:: Exercise details ::
Pictures in the material below are to be left out, and only the lines from the line with "Figura 2 – Distribuição" up to and including the line with "What is Crypto Wash Trading? - Alessa" are to be written out exactly.

:: Task material ::
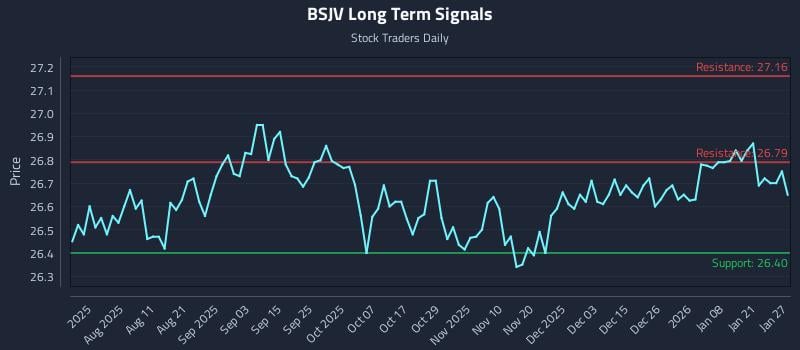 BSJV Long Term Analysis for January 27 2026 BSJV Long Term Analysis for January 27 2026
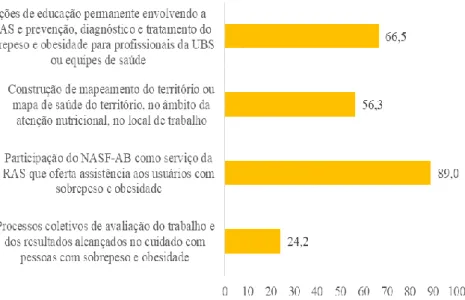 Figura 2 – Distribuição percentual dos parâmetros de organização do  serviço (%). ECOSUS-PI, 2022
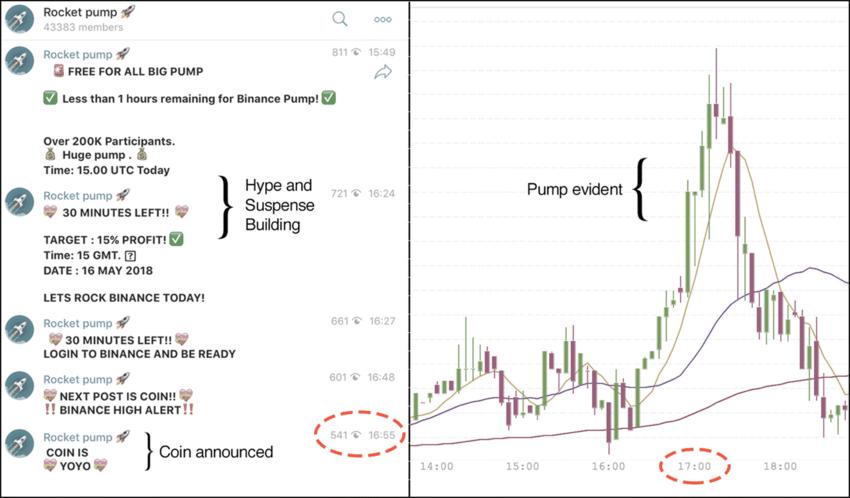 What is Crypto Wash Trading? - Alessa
...
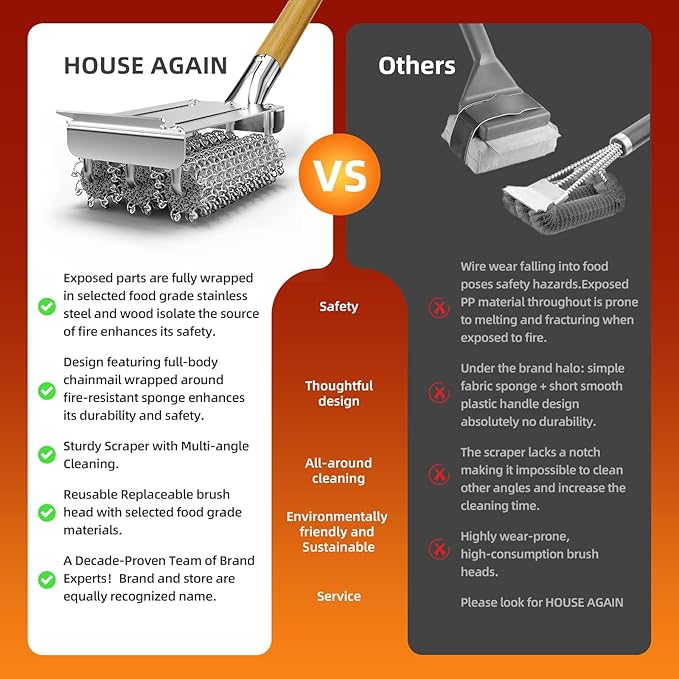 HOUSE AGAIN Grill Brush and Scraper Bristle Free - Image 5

:: Written solution ::
 Figura 2 – Distribuição percentual dos parâmetros de organização do  serviço (%). ECOSUS-PI, 2022
 What is Crypto Wash Trading? - Alessa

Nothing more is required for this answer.